Given records ->
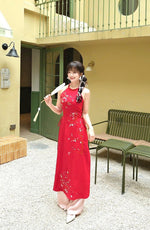 Floral Embroidery Sleeveless Red Ao Dai No Pants | Modern Yếm Inspired Ao Dai H33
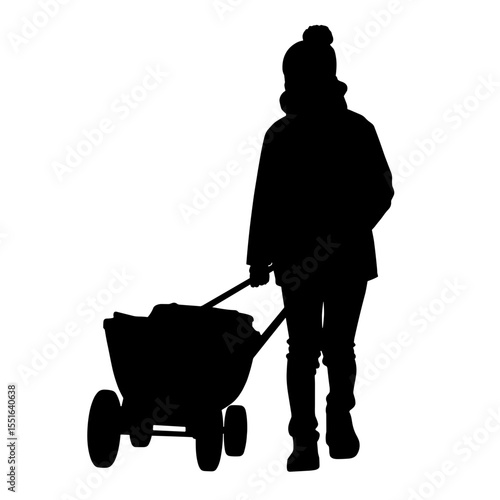 Silhouette of child pulling wagon in fall clothing, outdoor adventure exploration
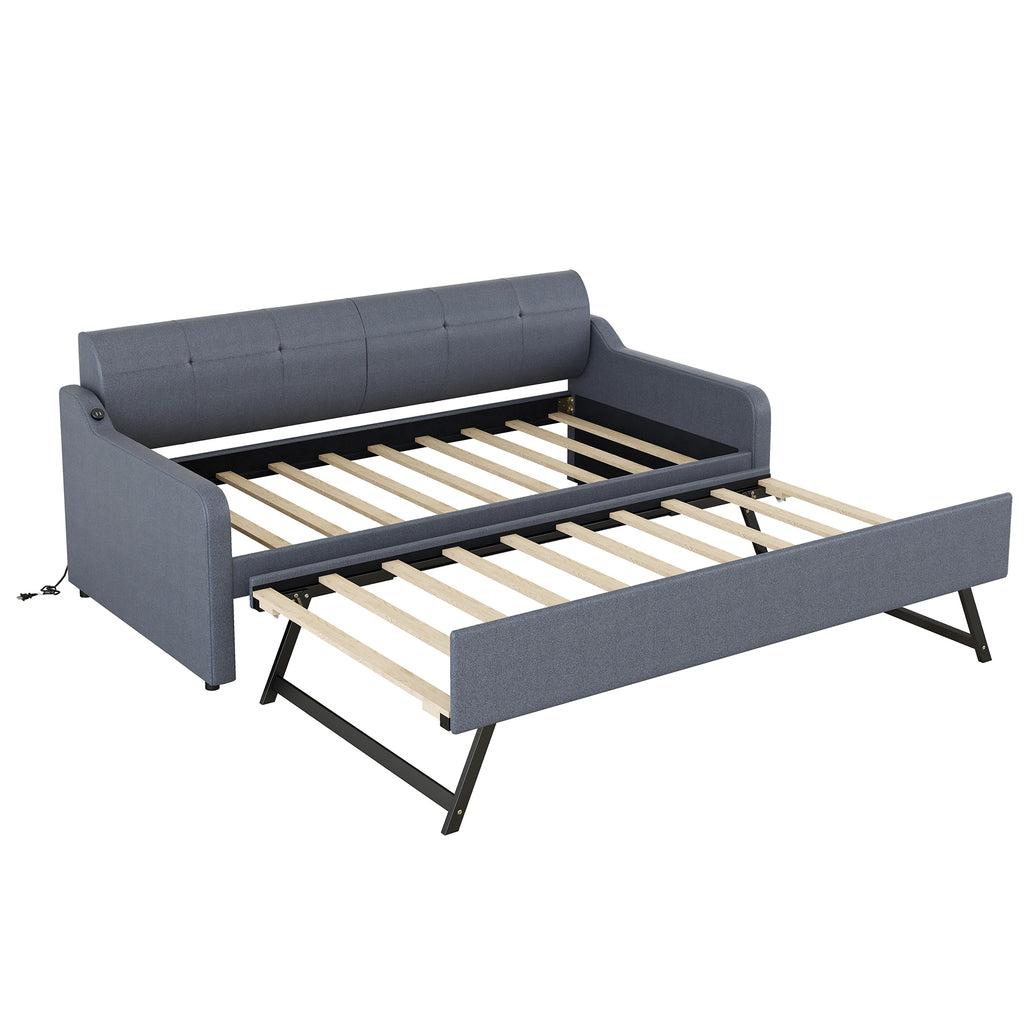 Twin Size Upholstery DayBed with Trundle and USB Charging Design Trundle can be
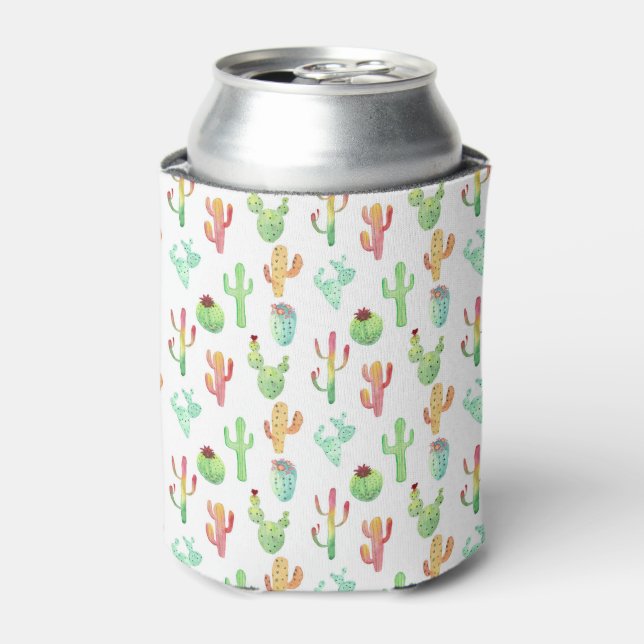 Enfriador De Latas Patrón de acuarela Cactus Pastel (Lata Anverso)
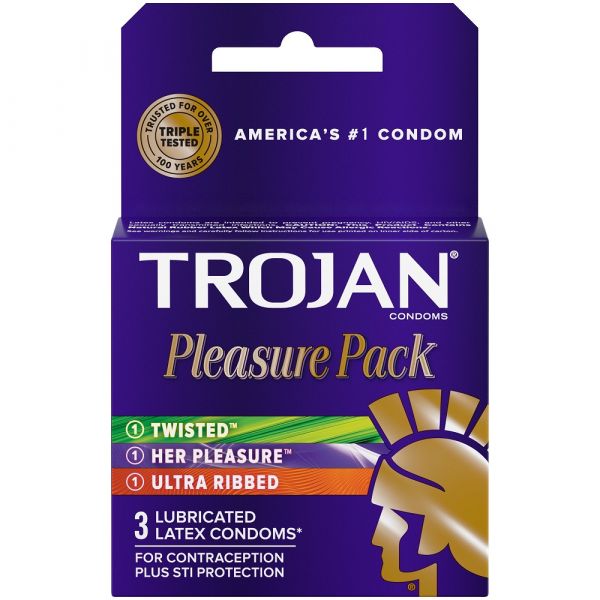Trojan Condoms Pleasure Pack 3CT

Assignment -> Return only the line with "Silhouette of child" and the lines after it up to the end of the records, exact and free of pictures.

Result of the exercise ->
 Silhouette of child pulling wagon in fall clothing, outdoor adventure exploration
 Twin Size Upholstery DayBed with Trundle and USB Charging Design Trundle can be
 Enfriador De Latas Patrón de acuarela Cactus Pastel (Lata Anverso)
Trojan Condoms Pleasure Pack 3CT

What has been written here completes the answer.